Y	Hacker News new \| ask \| show \| jobs

by johannes1234321 438 days ago

While the dump may be simpler to consume, building it isn't simpler.

The generic web crawler works (more or less) everywhere. The Wikipedia dump solution works on Wikipedia dumps.

Also mind: This is tied in with search engines and other places, where the AI bot follows links from search results etc. thus they'd need the extra logic to detect a Wikipedia link, then find the matching article in the dump, and then add the original link back as reference for the source.

Also in one article on that I read about spikes around death from people etc. in that scenario they want the latest version of the article, not a day old dump.

So yeah, I guess they used the simple straight forward way and didn't care much about consequences.

1 comments

diggan 438 days ago

I'm not sure this is what is currently affecting them the most, the article mentions this:

> Since AI crawlers tend to bulk read pages, they access obscure pages that have to be served from the core data center.
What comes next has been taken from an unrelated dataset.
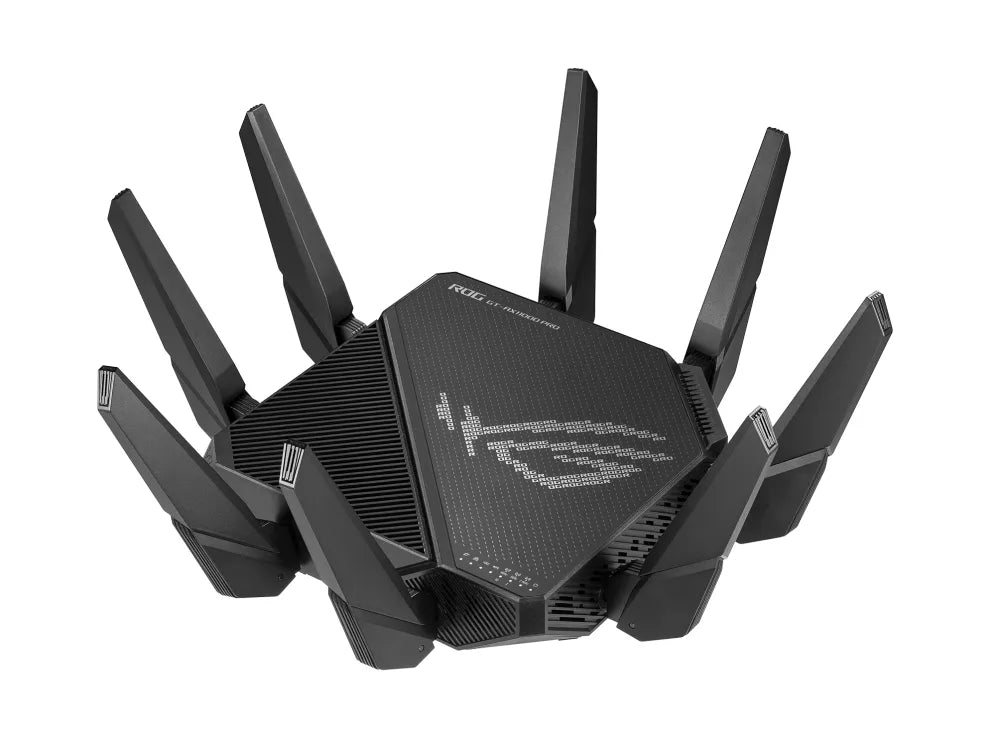 ASUS ROG Rapture GT-AX11000 Pro, Wi-Fi 6 (802.11ax), Tri-band (2.4 GHz / 5 GHz / 5 GHz), Ethernet LAN, Black, Tabletop router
So it doesn't seem to be driven by "Search the web for keywords, follow links, slurp content" but trying to read a bulk of pages all together, then move on to another set of bulk pages, suggesting mass-ingestion, not just acting as a user-agent for an actual user.

But maybe I'm reading too much into the specifics of the article, I don't have any particular internal insights to the problem they're facing I'll confess.